Storiella biforcuta:
Se vince il SI’ Renzi rimane, rimane pure l’ideologia dominante. Renzi in essa sguazza allegro, perchè di essa, egli, è la fedele rappresentazione.
Se vince il NO Renzi va a casa, arriva M5S, rimane l’deologia dominante. M5S la combatte, perchè è nato per combatterla. M5S perde.
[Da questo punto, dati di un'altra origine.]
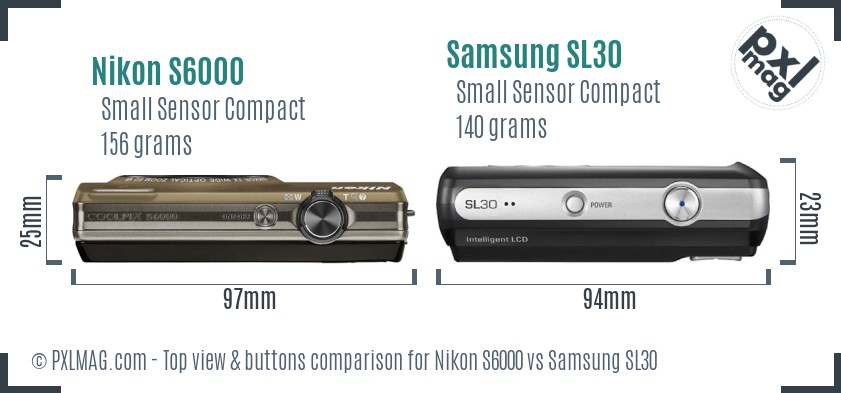 Nikon S6000 vs Samsung SL30 top view buttons comparison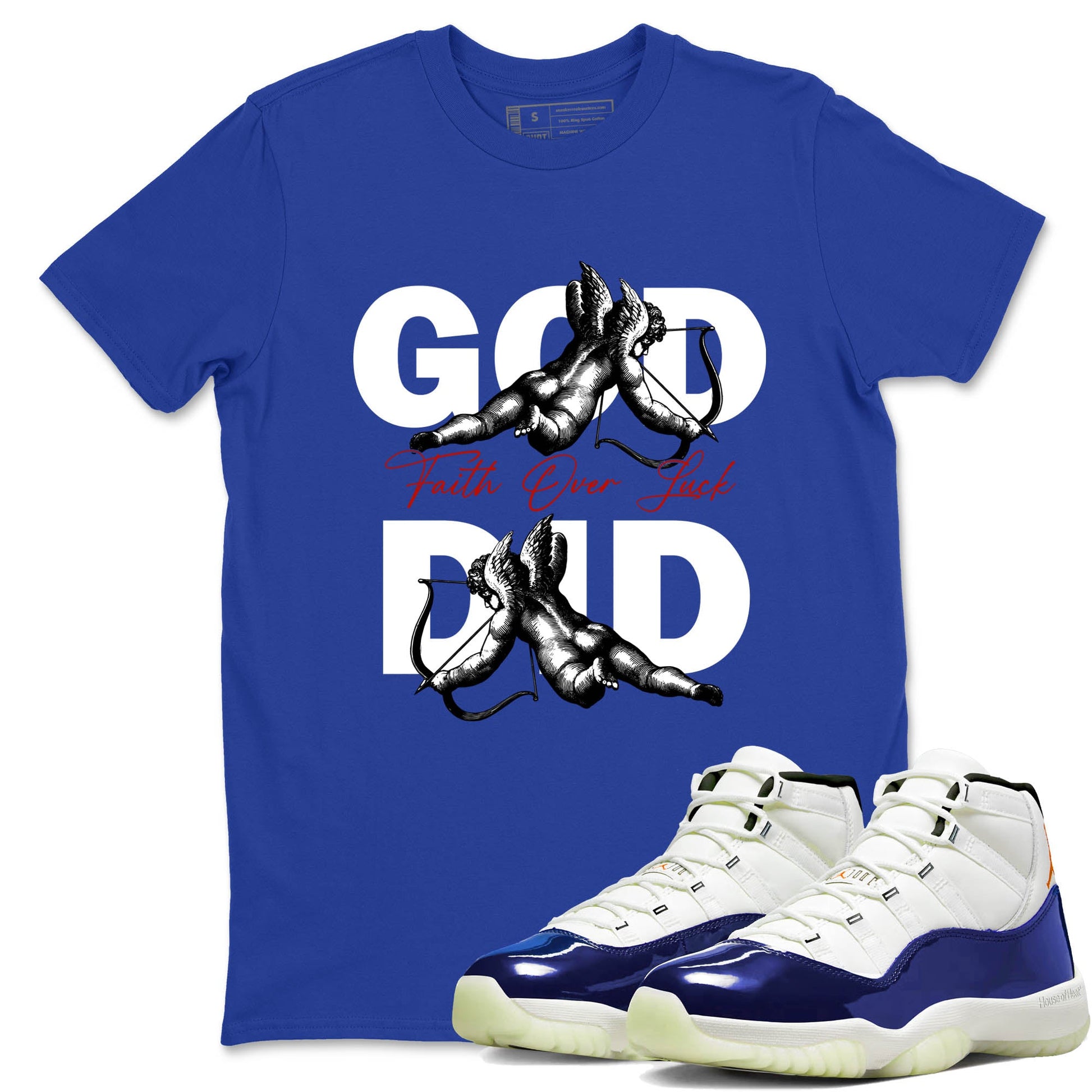 Sneaker Threads – Sneaker Tees To Match Air Jordan 11 Rare Air – God Did Graphic Tee Royal Blue 1. Perfect for Jordan releases 2025 colorways.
Rimane l’ideologia dominante.

Morale unica:
Votando no, ti potrai pure sentire un eroico partigiano, ma, se non combatti cotidie l’ideologia dominante, la tua incidenza nel corso della storia sarà la stessa di una scureggia in un luogo aperto e desolato.
Detto diversamente: puoi votare SI’, puoi votare NO, ma se sei permeato dall’ideologia dominante te la piglierai sempre ‘n der culo.

Legenda:

Ideologia dominante: consta di due parti, oggettiva e soggettiva:

  1. Capitalismo-consumismo (parte oggettiva).
  2. Attrazione per tutte le cose o le esperienze sempre nuove, esotiche, colorate e scintillanti combinato con una spropositata sopravvalutazione ontologica dell’attimo fuggente alla Orazio o, per i più raffinati, alla Nietzsche (parte soggettiva).